# WHAT IS NEEDED
Each record below should be returned word for word, with no pictures included.

━━━ MATERIAL PROVIDED ━━━

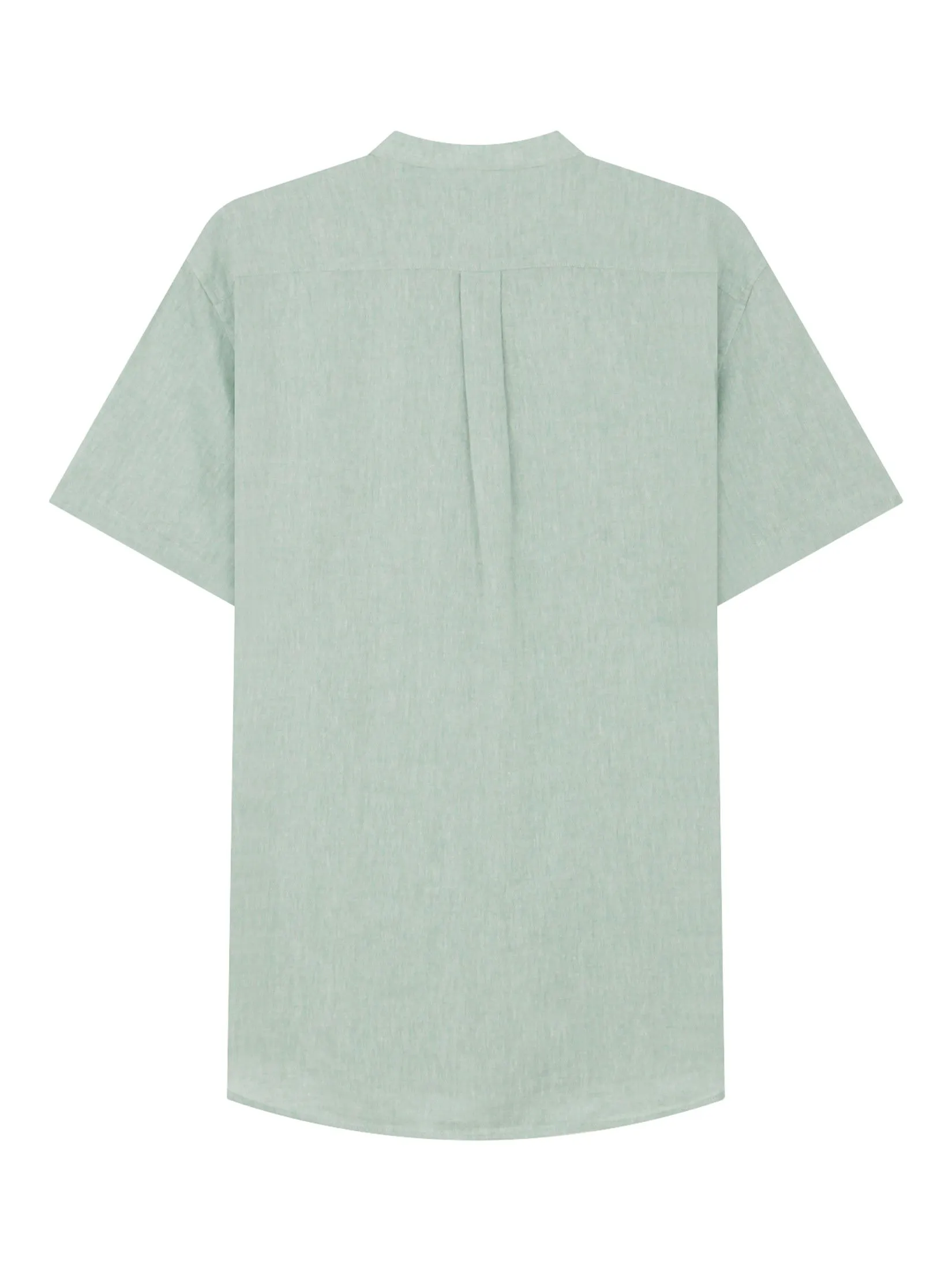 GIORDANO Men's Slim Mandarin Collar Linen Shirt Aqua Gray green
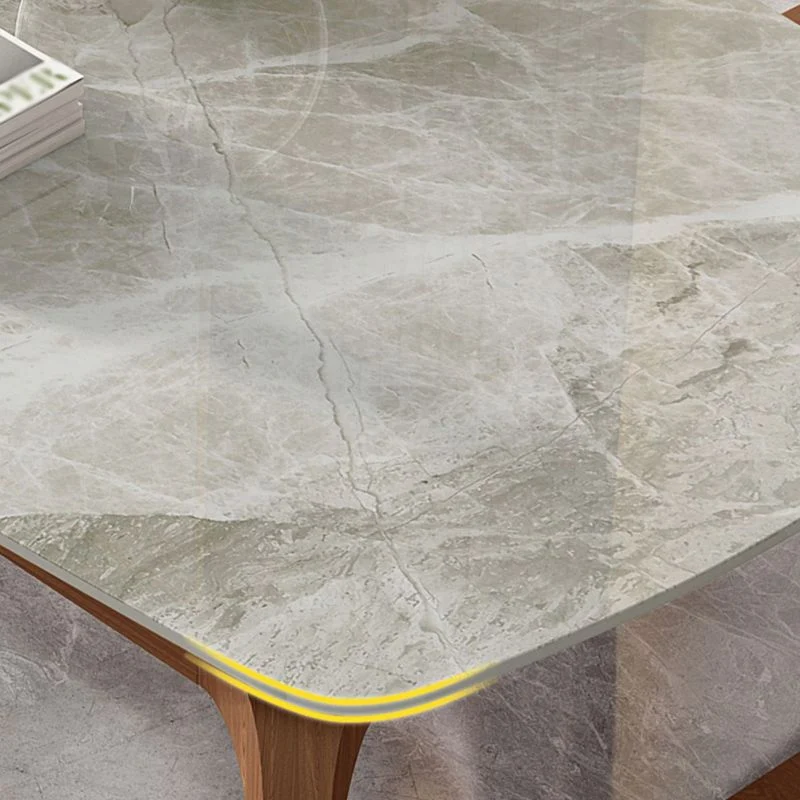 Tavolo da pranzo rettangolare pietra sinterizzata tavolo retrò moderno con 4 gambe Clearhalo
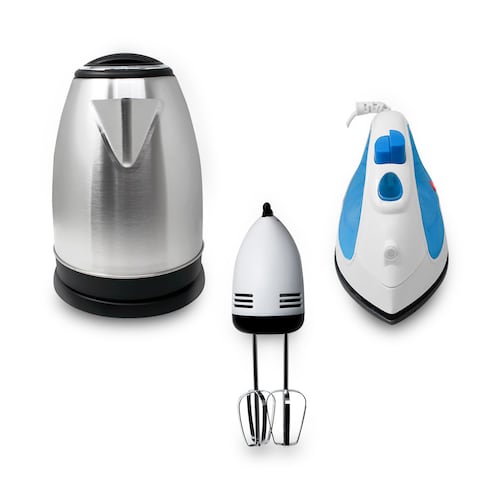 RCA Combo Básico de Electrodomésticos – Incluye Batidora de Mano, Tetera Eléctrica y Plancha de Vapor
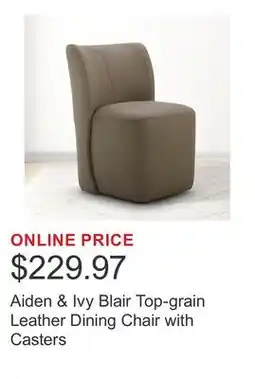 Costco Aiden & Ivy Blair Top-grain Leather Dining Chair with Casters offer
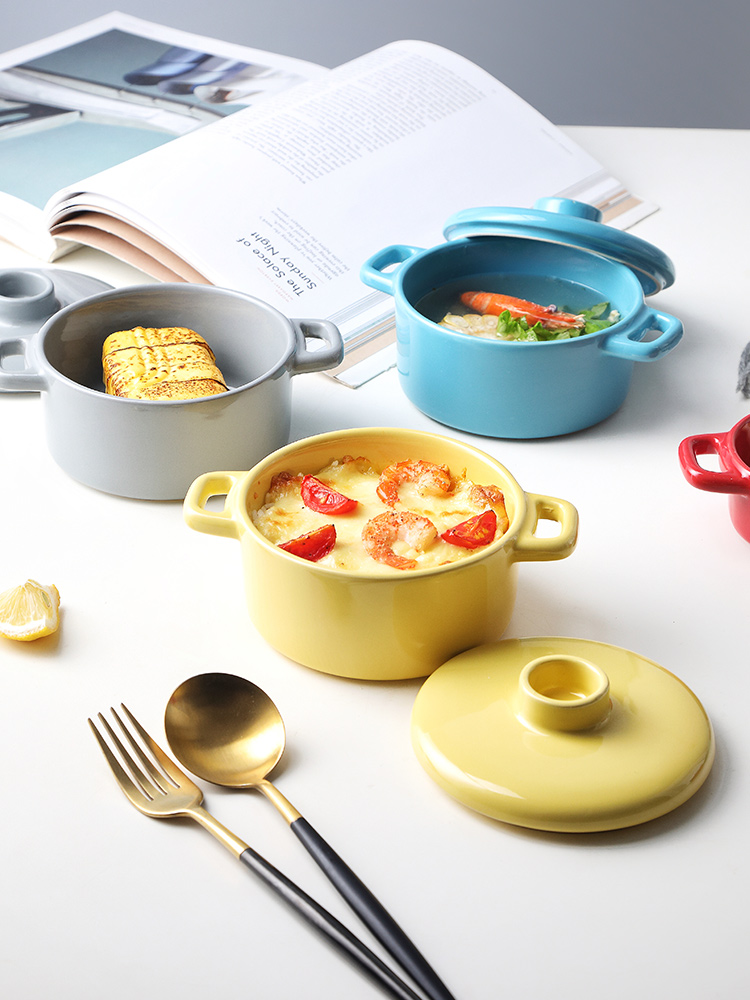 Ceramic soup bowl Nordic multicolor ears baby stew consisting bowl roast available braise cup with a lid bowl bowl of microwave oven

━━━

# FINAL ANSWER
 GIORDANO Men's Slim Mandarin Collar Linen Shirt Aqua Gray green
 Tavolo da pranzo rettangolare pietra sinterizzata tavolo retrò moderno con 4 gambe Clearhalo
 RCA Combo Básico de Electrodomésticos – Incluye Batidora de Mano, Tetera Eléctrica y Plancha de Vapor
 Costco Aiden & Ivy Blair Top-grain Leather Dining Chair with Casters offer
 Ceramic soup bowl Nordic multicolor ears baby stew consisting bowl roast available braise cup with a lid bowl bowl of microwave oven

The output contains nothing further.